The Austrian, who had at times worked his way to within two hours of Robic, seemed to concede defeat by West Virginia, where his pace slowed. Matthew Warner-Smith of Australia kept plugging along, however, cutting his deficit from five hours to two before claiming third place in Annapolis, Maryland.
Robic’s official time was nine days, one hour and one minute, with an overall average speed of 13.85 mph — well off Pete Penseyres’ long-standing mark of 15.4 mph, which Robic had hoped to break this year.
He had a strong start, but cold, wet conditions in Durango, Colorado, clipped his wings.
“The weather in Colorado was bad in all ways,” Robic said Friday. “Headwind, a lot of rain, heavy rain and cold wind — these conditions, in high altitude, you cannot ride fast. I also have problems with my throat and it was a lot of work for my doctor to keep me in condition to still race, because I was almost on the edge to quit.”
The plains of Kansas offered up their own brand of misery.
“Headwinds in Kansas are always a problem,” Robic said. “This year I was prepared for these headwinds mentally. When they start blowing I just switch on the positive thoughts in my head and try still harder. …”
Robic’s fifth victory came without the financial and logistical support of the Slovenian army. He has retired from the service — retirement is mandatory at age 45 — and this year used a civilian crew. They performed admirably, he said.
“The crew was not so very new,” Robic said, “All the members were already once or twice crew for Race Across America, but not with my team. They know what the terrain is and they know what to expect out there in these conditions and they work like Swiss clock. Big part of this win is theirs.”
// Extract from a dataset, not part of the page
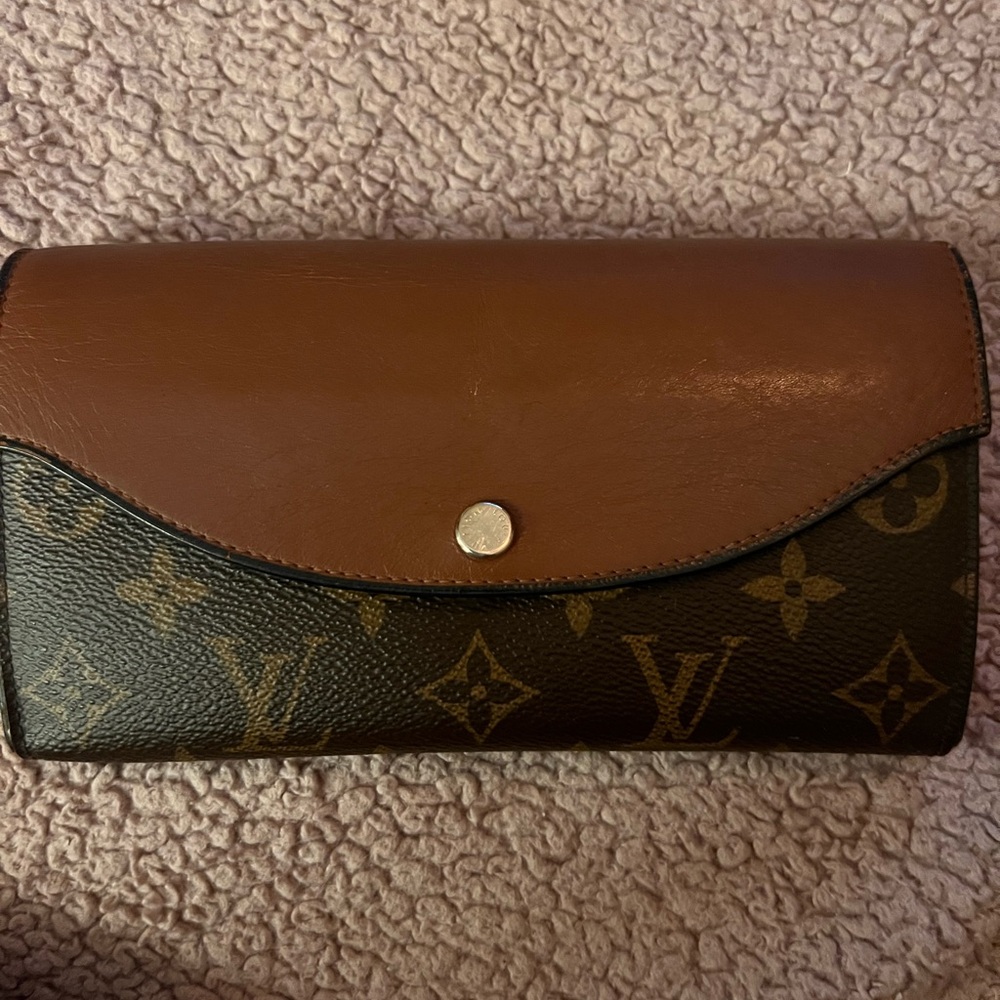 Loui Vuitton wallet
It has been surmised in the ultramarathon-cycling community that this may be Robic’s farewell RAAM. “He’s realizing that he is not the youngest any more,” said crew chief Matjaz Planinsek. “He’s not so self-confident that he can do anything.”
But Robic has declared himself done with RAAM before and come back. When asked directly he replied: “When I am finished with a RAAM I always feel like it is the last. But then a week, a month passes and I start thinking about it again. So maybe I should say nothing. With the RAAM, anything is possible.”
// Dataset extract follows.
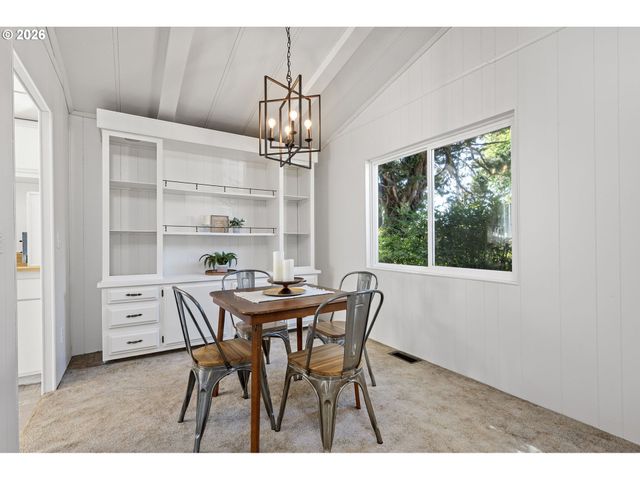 5949 LILAC Ln, Springfield, OR 97478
In the meantime, he’ll return to Slovenia, where he’ll take a little downtime before resuming training for the rest of his racing season.
“I imagine myself laying back, feet up in cold water. And there may be some beer nearby,” he said.
Buatois still best
Recumbent racer Barbara Buatois still leads the women’s race and is expected to finish early Sunday morning.
Buatois holds a commanding 23-hour lead over South African Michele Santilhano. Italian Sabrina Bianchi, in third, has closed in to within five hours of Santilhano. With both having nearly 500 miles of racing ahead of them there seems to still be a race for second place.
While Buatois’ pace has been by far the fastest of this year’s women — she has been averaging 10.93 mph — she’s far off the record of 13.22 mph, set by Seana Hogan in 1995 on a course that began in Irvine, California, and ended in Savannah, Georgia.
- The podium ceremony for Robic began lightheartedly, with emcee George Thomas asking how he felt about Friday’s tied World Cup match between the United States and Slovenia. “I was still in the race and my team told me that we are in the lead, two to zero,” Robic said with a laugh. “I think ‘Wow, we’re going to beat you!’ Anyway, that is big success to play equal to such a big country as USA.”